Do You Get To Pick Your Own Community Online?
from the seems-odd dept
While there’s been all this talk lately about online openness and connecting different offerings around a larger “community” (which is yes, both overhyped and misleading), it appears that one of the biggest and earliest “community” plays wants no part of it all. Earlier this year we wrote about Craigslist’s decision to block out someone who created a multi-location Craigslist search. Recently, Craigslist got attention again for blocking out classified aggregator Oodle from scraping and linking to their posts. Craigslist is trying to explain the situation away by saying that it was really the users at Craigslist themselves who were upset about Oodle scraping Craigslist items. Of course, what’s weird is that there are plenty of other sites that also scrape Craigslist, including Google, and they don’t seem to be complaining about those sites. What does come across, instead, is that Craigslist believes the “community” is on their site only — and they really just don’t care to participate in any wider community. It’s an odd closed view that most people wouldn’t have associated with Craigslist in the past. While Craigslist obviously has the right to do whatever they want, it’s hard to see how these moves benefit them at all.

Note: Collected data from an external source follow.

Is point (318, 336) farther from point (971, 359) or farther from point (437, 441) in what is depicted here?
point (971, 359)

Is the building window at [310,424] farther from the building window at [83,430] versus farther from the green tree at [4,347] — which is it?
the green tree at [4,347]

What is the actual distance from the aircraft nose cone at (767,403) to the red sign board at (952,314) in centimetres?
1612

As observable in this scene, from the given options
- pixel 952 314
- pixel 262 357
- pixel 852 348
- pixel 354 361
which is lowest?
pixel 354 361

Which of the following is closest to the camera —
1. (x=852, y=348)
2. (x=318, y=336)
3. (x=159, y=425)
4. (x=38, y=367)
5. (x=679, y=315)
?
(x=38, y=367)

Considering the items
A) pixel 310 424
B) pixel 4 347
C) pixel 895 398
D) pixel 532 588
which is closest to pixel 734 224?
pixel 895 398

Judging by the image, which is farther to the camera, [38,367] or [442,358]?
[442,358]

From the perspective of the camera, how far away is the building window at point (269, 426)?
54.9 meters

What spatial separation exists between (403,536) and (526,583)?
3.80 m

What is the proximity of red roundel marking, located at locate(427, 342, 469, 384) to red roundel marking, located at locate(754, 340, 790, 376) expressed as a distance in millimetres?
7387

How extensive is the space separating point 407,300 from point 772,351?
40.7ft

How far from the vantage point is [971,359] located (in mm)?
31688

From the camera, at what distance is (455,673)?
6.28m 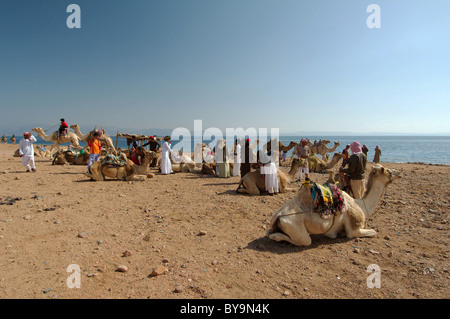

It just makes them look like they don’t play well with others.
Comments on “Do You Get To Pick Your Own Community Online?”
CL users
it’s absolutely true about the CL community – they get very irritated when they find their ads on any other sites besides CL. We were doing some scraping / linking on a very small scale and got dozens of very angry complaints about it before we called it off.
people expect to find their stuff on google – its a search engine. they don’t expect to find it on unoriginal “aggregator” sites like oodle that are trying to pass the content off as their own.